→ **What to produce**: Each line of the material below is to be written out exactly. Leave out any picture.

→ **Supplied material**:
- - -

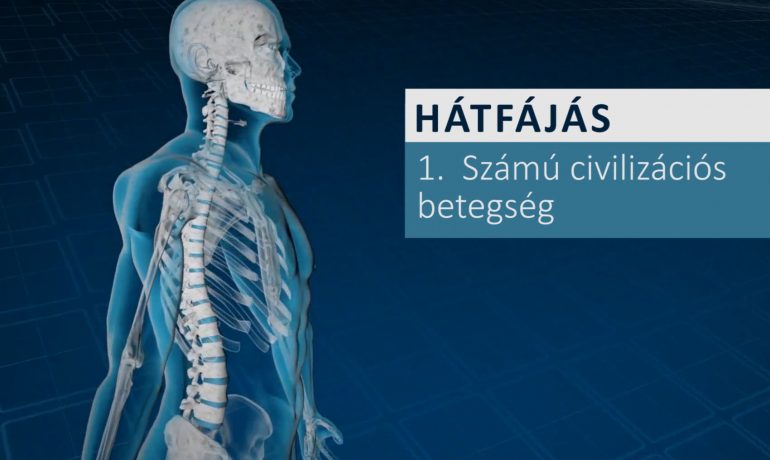 120 MTRS a hátfájás ellen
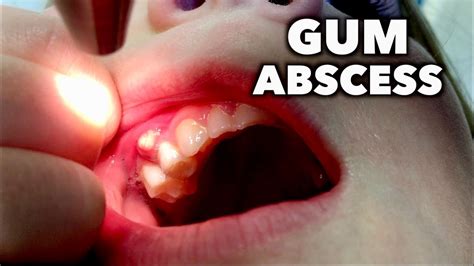 Gum Abscess Dr Paul Dental Clinic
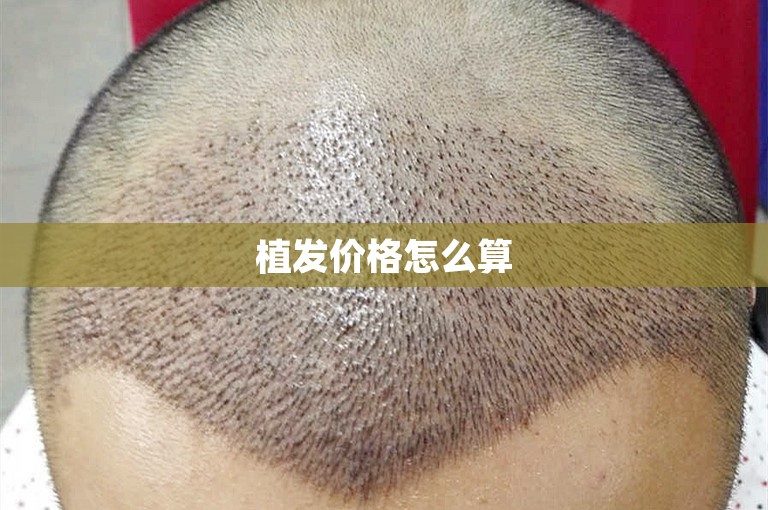 植发价格怎么算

- - -

→ **Answer to the problem**:
 120 MTRS a hátfájás ellen
 Gum Abscess Dr Paul Dental Clinic
 植发价格怎么算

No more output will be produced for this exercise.